### [Data section]
■ ■ ■
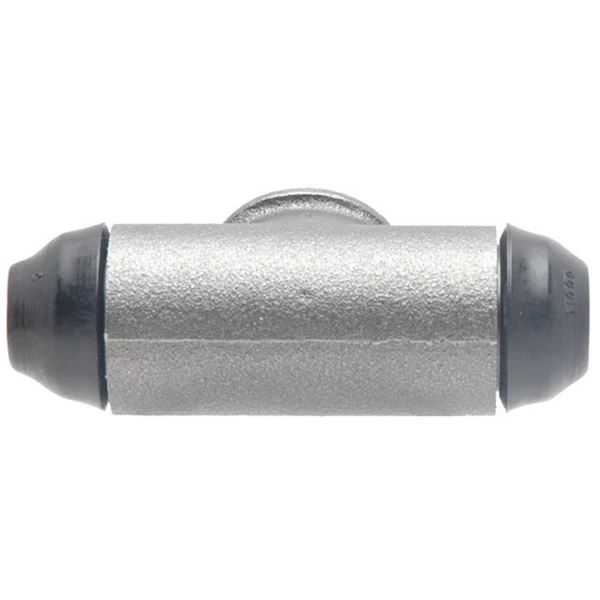 Drum Brake Wheel Cylinder - Rear Side - Raybestos WC370191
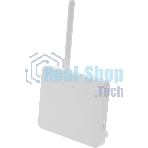 Модем Huawei Brovi 4G CPE 3s B313-322 (поставляется без батареи)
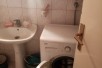 Се издава Стан во  нас Аеродром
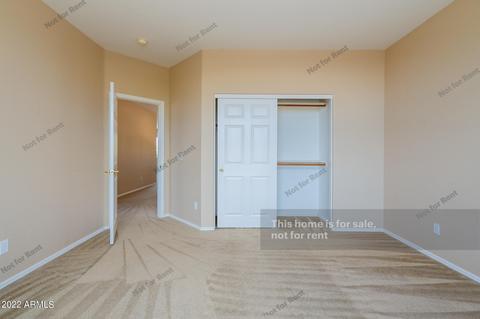 9404 E Hillview Cir, Mesa, AZ 85207 photo 23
■ ■ ■
### [Work to complete]
Quote the material in full and exactly; do not carry over its pictures.

### [Answer to this exercise]
 Drum Brake Wheel Cylinder - Rear Side - Raybestos WC370191
 Модем Huawei Brovi 4G CPE 3s B313-322 (поставляется без батареи)
 Се издава Стан во  нас Аеродром
 9404 E Hillview Cir, Mesa, AZ 85207 photo 23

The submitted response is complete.